Before there were frequent-flyer programs, there were (remember?) Raleigh cigarette coupons and S&H Green Stamps. The idea was similar: encourage repeat business by rewarding customers for their loyalty. (In case you don’t remember, supermarket customers earned Green Stamps according to the amount of their purchases. The Green Stamps were pasted into books, and the books could be redeemed for various types of merchandise. In other words, the more you purchased, the greater your reward.)
Before such primitive loyalty programs could develop into what we now know as FFPs, two events had to occur:
- Deregulation (1978) created the marketing environment.
Pre-deregulation, airline marketing was almost exclusively “strategic”: image advertising with complementary product offerings (Southwest, the “Love” airline, featuring flight attendants in hot pants; sophisticated TWA featuring a piano lounge on the upper deck of their B747s).

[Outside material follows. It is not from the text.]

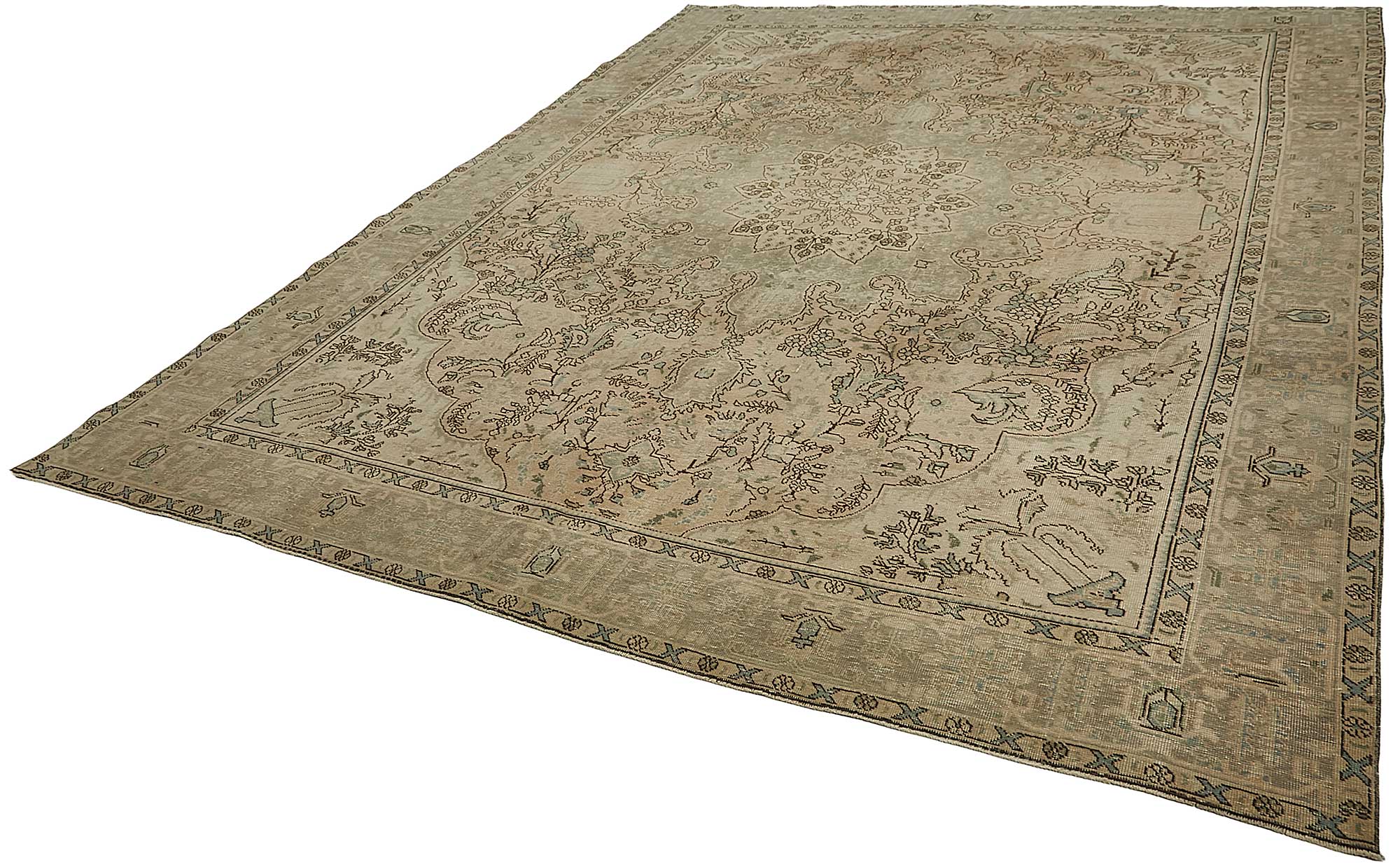 Ivory Persian — 2.89 x 3.81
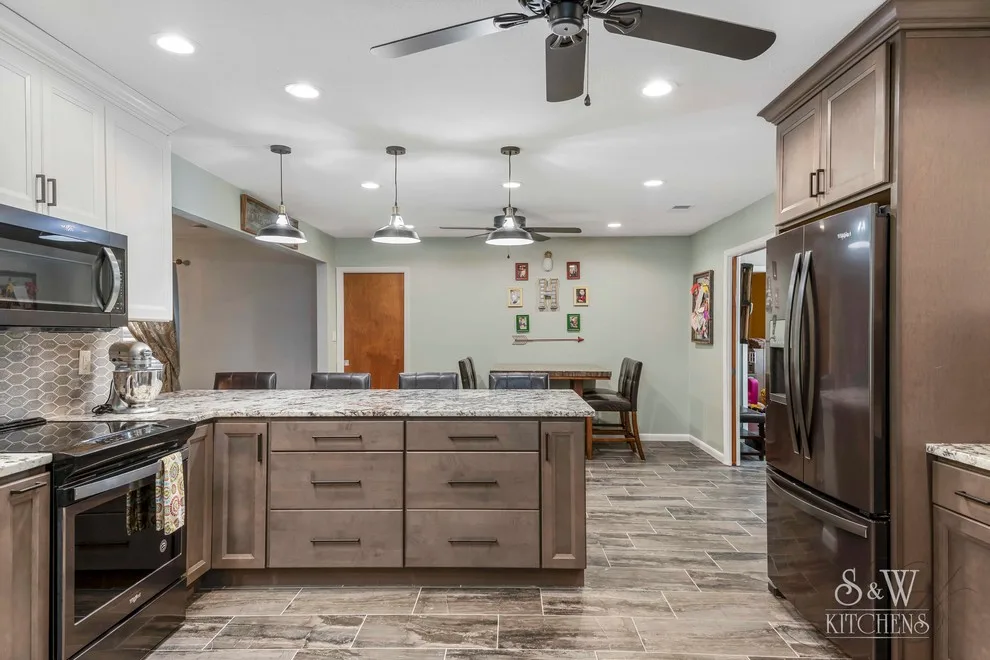 Practical Farmhouse Kitchen by Sarah Kraus Bartelson - S&W Kitchens - Photo 4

- Computerization created the necessary systems infrastructure.
FFPs as we know them would be impossible without massive data-storage capabilities to warehouse the customer files, and the sophisticated database software necessary to manage that data.
Absent either of the above, FFPs probably would be unnecessary (assuming a regulated airline industry) or impossible (without the computer-tracking mechanisms which make such large-scale customer tracking possible).
In May 1981, American Airlines (AA) introduced AAdvantage, the first FFP. The goal: Retain AA’s most frequent customers by rewarding them for their loyalty. (It is significant that FFPs were originated by AA, then and still an industry leader in both marketing and computer systems.)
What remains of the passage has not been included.